But the truth, as always, is complex. While Fallada may eviscerate the Nazi leadership in both Berlin books (Alone, possibly the greater work, is the tale of an elderly couple who chip away at the Nazi monolith by leaving anonymous and provocative notes around Berlin, in a minute but effective act of resistance), it must be remembered that he provided propaganda work for the Reich, admittedly under duress – concession rather than full blown collaboration. Goebbels himsef was originally a fan after misinterpreting an earlier work as having right wing sympathies.

Yet a criminal with severe mental health issues, who in 1911 (still then known as Rudolf Ditzen – Fallada was his pen name) killed his best friend in a suicide pact disguised as a duel, obviously had little place in the master race. His position in many ways provided a unique viewpoint, as Blunden explains: “That he was compromised by continuing to live in Nazi Germany is not the point: the point is that he was sufficiently self-aware and self-critical to know that he was compromised, and that this, precisely, is the condition he was perfectly placed to write about, because he understood it from the inside.”

Addiction and post-war Germany

The post-war period that Nightmare describes was one of national self-reflection and, in many instances, loathing. Of living in literal and moral debt to the world. Where Fallada, full of shame – ‘the malady of the age, a mixture of bottomless despair and apathy’ – found it easier to escape into addiction than to contribute to the task of rebuilding the crumbling structures lining pockmarked streets.

Fallada, the much forgotten genius, pulled from this pit a social realist masterpiece with a fevered narcotic edge – morphine is merely the main course, supplemented by lashings of sedatives and barbituates. It is a novel hip in prose and dark in nature. A fast-moving personal tale of war and madness, sitting above vast and timeless human themes. In many ways a groundbreaking work, featuring dope-shooting protagonists, cocooning themselves against troubled and shifting times, long before Nelson Algren's The Man with the Golden Arm or Irvine Welsh's Trainspotting.

Fallada's interest was not in the ruling politicians or generals but instead the experience of the common man. And as the German avant-garde author Johannes R Becher stated, "a writer who gives us real insight into the hearts and minds of human beings, especially those considered ordinary and uninteresting, deserves the highest praise." Surely Fallada then is due this praise, long after his death in 1947, aged 53, before he could see either of his Berlin books' impact upon the world.
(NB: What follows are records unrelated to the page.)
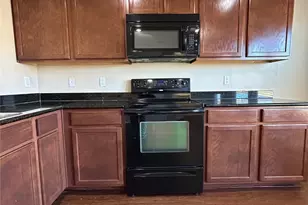 12817 Pricklybranch Dr, Fort Worth, TX 76244 - Photo 18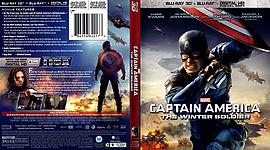 Captain_America_The_Winter_Soldier.jpg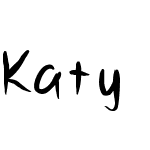 Katy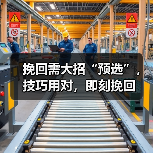 挽回需大招“预选”,技巧用对,即刻挽回(图2) 挽回需大招“预选”,技巧用对,即刻挽回(图2)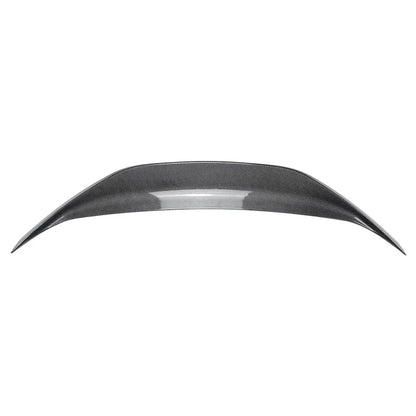 Rear Trunk Spoiler Wing for Subaru BRZ (2013–2020) & Scion FR-S (2013–2016)
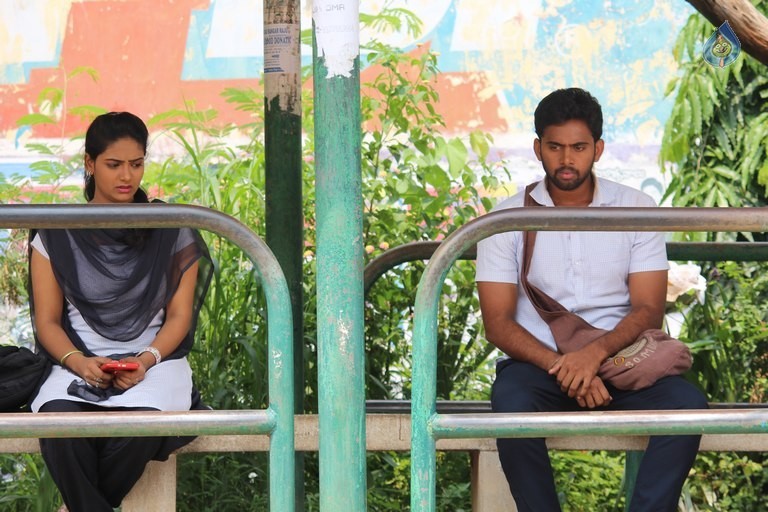 4G Movie New Photos - 28 / 55 photos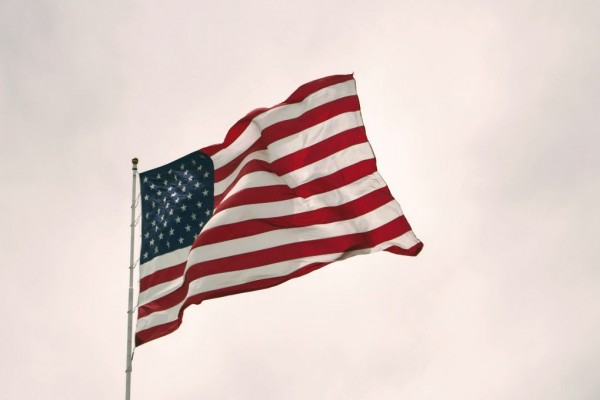 thank a vet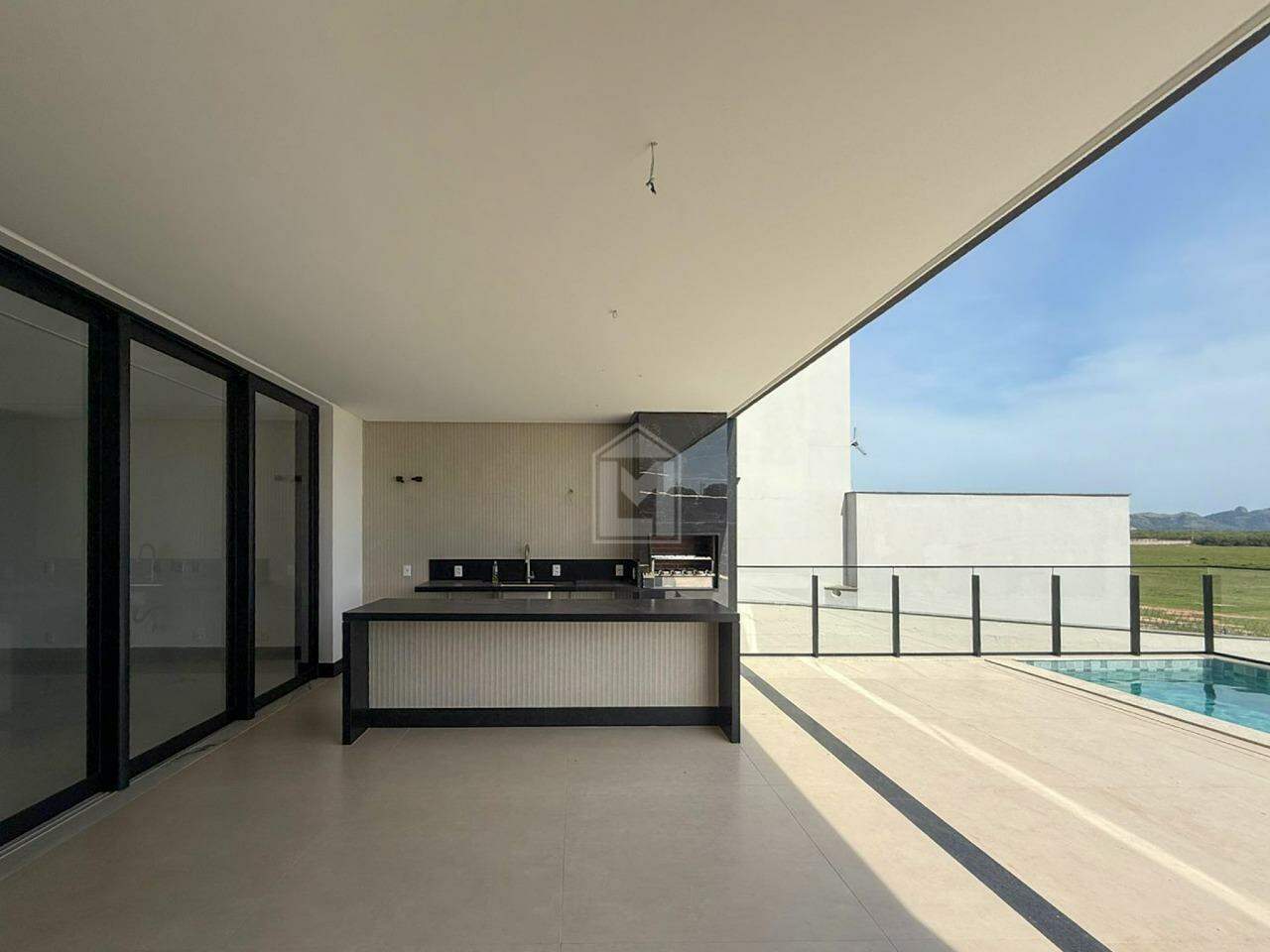 Casa, 4 quartos, 337 m² - Foto 5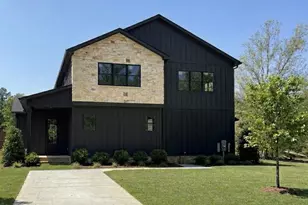 6415 Rock Springs Cir, Buford, GA 30518 - Photo 30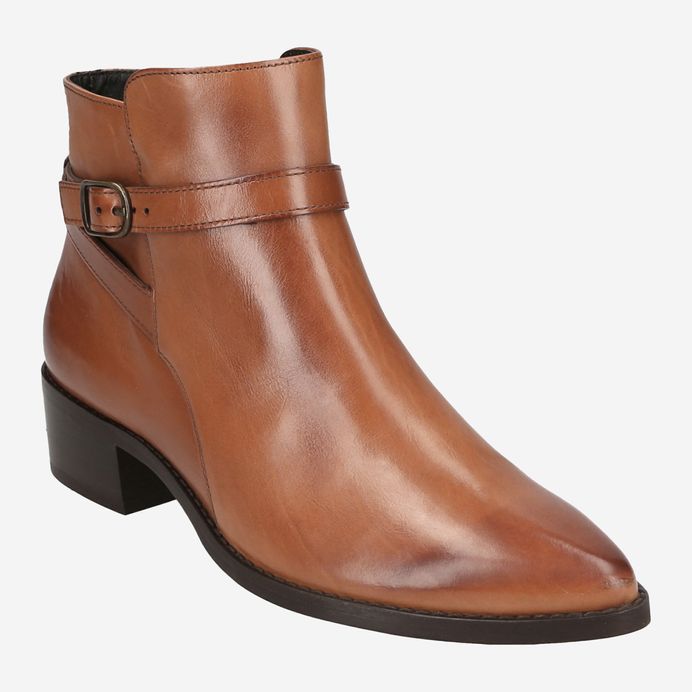Paul Green Stiefelette 9750-017 Saisonale Angebote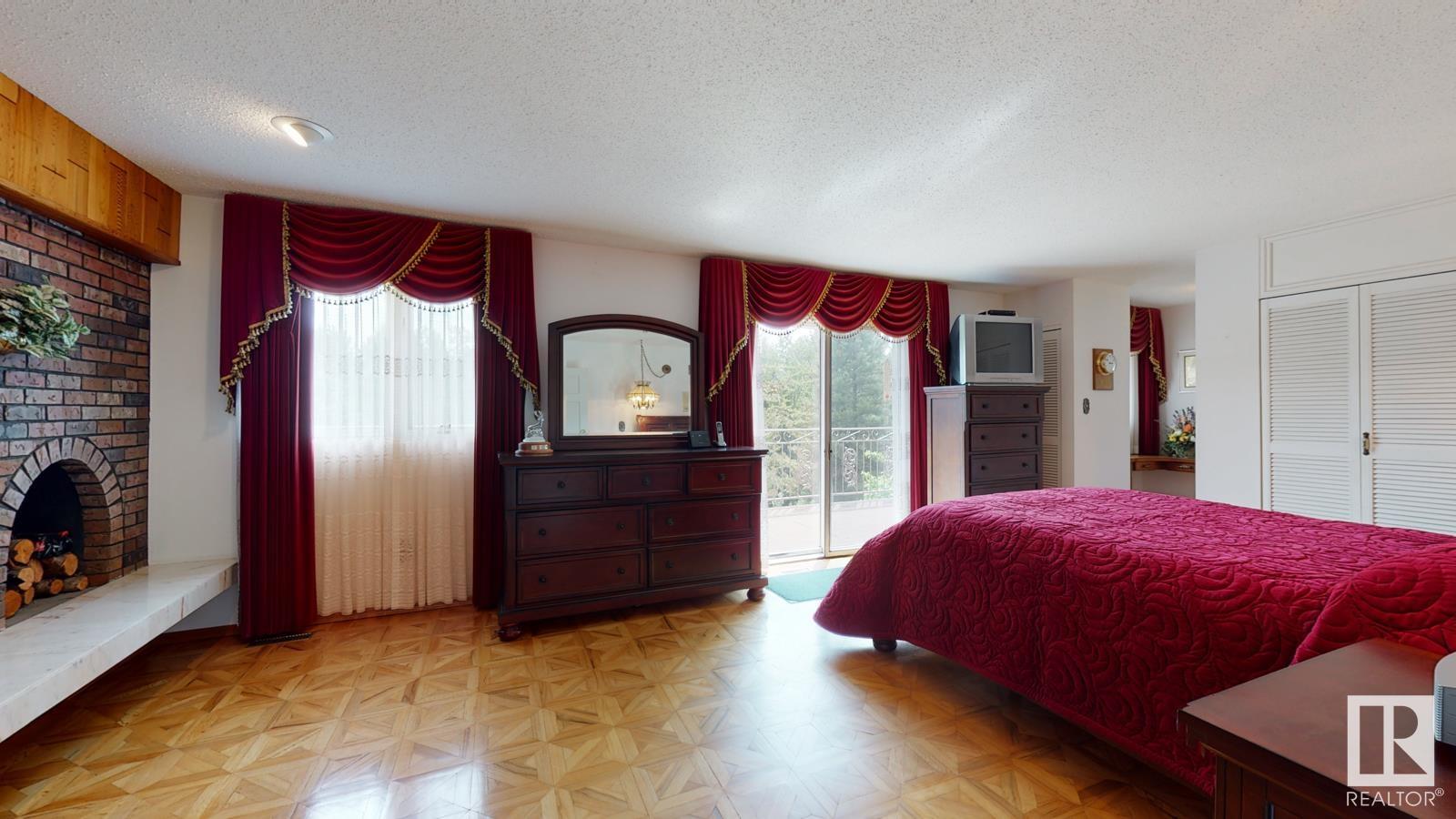      26022 TWP RD 511 , Rural Parkland County,  ,T5P 4B7 ;  Listing Number: MLS E4418417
“Nightmare… does capture the sense of depression and anti-climax during those twilight months after the German defeat – a period that, to my knowledge, is not much written about,” Blunden concludes. “We tend to overlook that time, as if it was an empty space between otherwise tangible and describable historical events, or a silence between blocks of dialogue in a drama.  But the Germans were living through it, of course, and it is their experience that Fallada retrieves from oblivion in this novel.”